Será como abandonar un vicio,
como contemplar en el espejo
el resurgir de un rostro muerto
como escuchar unos labios cerrados.
Mudos, descenderemos en el remolino.
Cesare Pavese
La vida me aburre, es verdad –dijo sin alzar la voz, Amadeo Echeverría. Miraba fijamente al médico robusto y de piel clara, esperando que el traductor volcara las palabras en el otro idioma, que parecería más frío si Amadeo no hiciera ya la frase lo bastante carente de emoción.
La sala en que se reunió con el médico, haciéndose acompañar por aquel traductor flaco y frágil, era un sitio limpio e impersonal. Los muebles blancos no hacían un gran contraste con la pared verde claro. Todo el conjunto resultaba armonioso, dispuesto para integrarse en esa habitación etérea con paredes lisas y texturas suaves que invitaban a descansar.
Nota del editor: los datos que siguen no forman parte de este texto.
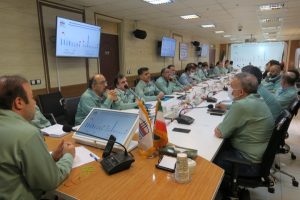 رکوردشکنی فولاد هرمزگان در محدودیت‌ها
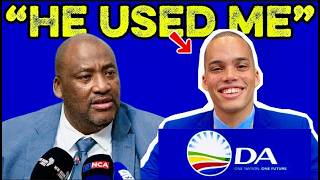 Gayton McKenzie sends SHOCKING TREATS on LIAN JACOBS and the D.A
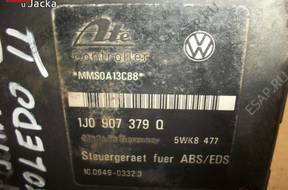 БЛОК АБС   SEAT TOLEDO II LEON VW AUDI 1J0907379Q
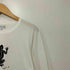 アニエスベー agnes b. PARIS リザード ロングスリーブカットソー レディース T3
Amadeo había viajado más de doce mil kilómetros para exponer personalmente sus razones: quería morir, quería que le asistieran el suicidio.
Uno
Amadeo Echeverría Velásquez se nombraba a sí mismo sin el apellido paterno, que cercenó por decisión propia una tarde de abril. Nació en el trópico, como le gustaba nombrarlo en sus esporádicos episodios de buen humor, en un país tan pequeño y en un pueblo tan minúsculo, que al pronunciarse apenas lograba evocar algún sitio polvoriento lleno de narcotraficantes y pobreza.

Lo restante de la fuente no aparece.